Was meint Ihr dazu? Ist das Boot gut?


----------



## lotuso (3. April 2013)

*AW: Welches Schlauchboot*

Ich habe ein Lotus L-280 U, ist etwas breiter und hat 2 cm größeres Schlauchvolumen. Ich würde eher das nehmen! Von der Verarbeitung Tragetasche Pumpe holzelemente, sind alle von sehr hoher Qualität.
Ich hatte schon 3 Schlauchboote, das Lotus war bisher das weitaus beste!


----------



## Lui Nairolf (3. April 2013)

*AW: Welches Schlauchboot*

Wie sind denn die Schlauchboote zum Paddeln auf größeren Seen? Insbesondere wenns um Windanfälligkeit geht? Von der Sicherheit her dürfte so ein stabiles Mehrkammern-Schlauchboot ja vergleichbar mit einem GFK-Festrumpfboot sein ... aber kommt man noch "heim", wenn der Wind auffrischt?
Erreicht man einigermaßen eine Geschwindigkeit zum Schleppen bzw. um von A nach B zu kommen?


----------



## FT_07 (5. April 2013)

*AW: Welches Schlauchboot*



lotuso schrieb:


> Ich habe ein Lotus L-280 U, ist etwas breiter und hat 2 cm größeres Schlauchvolumen. Ich würde eher das nehmen! Von der Verarbeitung Tragetasche Pumpe holzelemente, sind alle von sehr hoher Qualität.
> Ich hatte schon 3 Schlauchboote, das Lotus war bisher das weitaus beste!

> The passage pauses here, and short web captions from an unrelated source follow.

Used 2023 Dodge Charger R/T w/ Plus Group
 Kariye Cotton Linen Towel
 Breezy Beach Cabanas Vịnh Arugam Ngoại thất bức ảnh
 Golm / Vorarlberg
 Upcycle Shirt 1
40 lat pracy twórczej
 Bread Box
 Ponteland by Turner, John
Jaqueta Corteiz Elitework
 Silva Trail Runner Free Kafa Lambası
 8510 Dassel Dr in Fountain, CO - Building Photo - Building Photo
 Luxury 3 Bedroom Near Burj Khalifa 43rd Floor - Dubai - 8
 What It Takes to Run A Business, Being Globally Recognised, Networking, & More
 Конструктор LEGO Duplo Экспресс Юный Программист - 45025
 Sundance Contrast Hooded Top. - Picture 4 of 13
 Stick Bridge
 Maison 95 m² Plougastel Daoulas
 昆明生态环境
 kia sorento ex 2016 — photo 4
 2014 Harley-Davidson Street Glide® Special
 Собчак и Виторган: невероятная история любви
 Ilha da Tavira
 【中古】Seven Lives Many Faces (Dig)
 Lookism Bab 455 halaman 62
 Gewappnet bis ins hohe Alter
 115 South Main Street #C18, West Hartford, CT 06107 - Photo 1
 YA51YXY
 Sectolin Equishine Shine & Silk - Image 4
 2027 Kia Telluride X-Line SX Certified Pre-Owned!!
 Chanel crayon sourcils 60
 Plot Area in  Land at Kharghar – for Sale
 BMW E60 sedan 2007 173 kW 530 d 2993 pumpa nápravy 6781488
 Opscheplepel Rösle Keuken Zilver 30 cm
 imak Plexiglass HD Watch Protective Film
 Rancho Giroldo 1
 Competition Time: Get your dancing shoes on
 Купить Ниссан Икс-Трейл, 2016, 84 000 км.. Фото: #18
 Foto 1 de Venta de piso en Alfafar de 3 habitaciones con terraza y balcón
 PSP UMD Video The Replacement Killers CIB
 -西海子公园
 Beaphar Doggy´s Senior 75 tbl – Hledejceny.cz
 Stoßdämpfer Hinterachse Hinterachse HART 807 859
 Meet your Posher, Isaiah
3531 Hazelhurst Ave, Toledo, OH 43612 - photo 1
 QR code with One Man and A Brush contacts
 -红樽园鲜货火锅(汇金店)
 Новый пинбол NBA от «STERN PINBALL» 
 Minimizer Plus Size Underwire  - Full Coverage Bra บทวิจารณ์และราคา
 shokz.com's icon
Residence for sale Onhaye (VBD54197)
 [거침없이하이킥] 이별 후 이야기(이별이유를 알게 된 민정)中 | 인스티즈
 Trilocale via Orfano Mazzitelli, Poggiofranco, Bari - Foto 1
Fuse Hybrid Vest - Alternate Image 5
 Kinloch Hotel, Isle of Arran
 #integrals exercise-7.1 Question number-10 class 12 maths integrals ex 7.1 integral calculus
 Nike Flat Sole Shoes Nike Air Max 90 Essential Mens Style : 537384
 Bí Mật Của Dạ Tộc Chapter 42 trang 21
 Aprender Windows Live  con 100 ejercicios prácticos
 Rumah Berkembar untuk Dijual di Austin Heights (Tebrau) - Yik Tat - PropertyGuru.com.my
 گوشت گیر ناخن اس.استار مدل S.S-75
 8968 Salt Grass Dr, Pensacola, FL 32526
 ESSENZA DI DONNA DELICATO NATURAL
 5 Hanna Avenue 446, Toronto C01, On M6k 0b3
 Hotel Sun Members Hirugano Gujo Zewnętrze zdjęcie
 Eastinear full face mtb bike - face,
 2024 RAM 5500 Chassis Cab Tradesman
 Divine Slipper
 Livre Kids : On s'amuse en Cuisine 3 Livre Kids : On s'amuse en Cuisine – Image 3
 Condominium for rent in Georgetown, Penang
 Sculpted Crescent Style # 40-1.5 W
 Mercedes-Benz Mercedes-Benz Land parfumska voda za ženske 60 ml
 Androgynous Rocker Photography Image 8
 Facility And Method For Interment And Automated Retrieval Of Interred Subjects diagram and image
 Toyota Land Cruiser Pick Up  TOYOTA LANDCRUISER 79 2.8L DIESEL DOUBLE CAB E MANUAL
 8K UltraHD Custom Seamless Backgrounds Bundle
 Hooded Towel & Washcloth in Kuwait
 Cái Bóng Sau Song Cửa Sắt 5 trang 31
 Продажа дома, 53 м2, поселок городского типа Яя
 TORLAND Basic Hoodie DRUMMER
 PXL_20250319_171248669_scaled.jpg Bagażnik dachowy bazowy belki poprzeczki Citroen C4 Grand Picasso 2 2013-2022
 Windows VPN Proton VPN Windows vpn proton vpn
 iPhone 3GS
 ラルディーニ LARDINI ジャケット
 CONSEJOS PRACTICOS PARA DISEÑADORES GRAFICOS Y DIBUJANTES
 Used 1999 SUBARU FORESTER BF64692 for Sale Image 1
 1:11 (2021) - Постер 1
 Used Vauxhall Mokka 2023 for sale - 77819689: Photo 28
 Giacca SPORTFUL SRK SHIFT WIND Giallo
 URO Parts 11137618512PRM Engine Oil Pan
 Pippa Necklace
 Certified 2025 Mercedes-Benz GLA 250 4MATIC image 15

Nutzt Du das Boot mit Motor oder ohne?


----------



## FT_07 (5. April 2013)

*AW: Welches Schlauchboot*

Da ich das Boot mit meiner Frau ohne Motor nutzen möchte zum 
Paddeln bzw. Rudern frage ich mich, ob es vielleicht nicht besser ist mir
ein Schlauch*kajak *zuzulegen.
Das ist bestimmt einfacher zu paddeln oder?
Vielleicht dieses: *Gumotex Solar 410C* 
*http://alfafox.info/gumotex-solar-410c.htm*

Hat jemand Erfahrung damit?


----------



## FT_07 (2. Mai 2013)

*AW: Welches Schlauchboot*

So, das ist es dann geworden und für Seen und Talsperren ausreichend für meine Zwecke und hat viel Platz.
Das Material ist auch ziemlich dick und es hat einen 3 stündigen Paddelausflug auf dem Stausee mit 4 Personen gut überstanden.
Es ist das: *Intex Excursion 5* für 150 Euro.


----------



## allegoric (2. Mai 2013)

*AW: Welches Schlauchboot*

Wenn das Teil einen Stein oder Ast sieht, sinkt das doch....hätte ich mir nie gekauft und schon gar nicht zum Angeln...Das ist ein reines Badeboot.


----------



## FT_07 (2. Mai 2013)

*AW: Welches Schlauchboot*



allegoric schrieb:


> Wenn das Teil einen Stein oder Ast sieht, sinkt das doch....hätte ich mir nie gekauft und schon gar nicht zum Angeln...Das ist ein reines Badeboot.


Ich angle nicht.


----------



## donlotis (2. Mai 2013)

*AW: Welches Schlauchboot*



FT_07 schrieb:


> Da ich das Boot mit meiner Frau ohne Motor nutzen möchte zum
> Paddeln bzw. Rudern frage ich mich, ob es vielleicht nicht besser ist mir
> ein Schlauch*kajak *zuzulegen.
> Das ist bestimmt einfacher zu paddeln oder?
> ...



Da hast Du recht, alle bisher gezeigten/vorgeschlagenen Schlauchis lassen sich eher schlecht als recht rudern. Da fährst Du mit einem Schlauch-Kajak wesentlich besser.


----------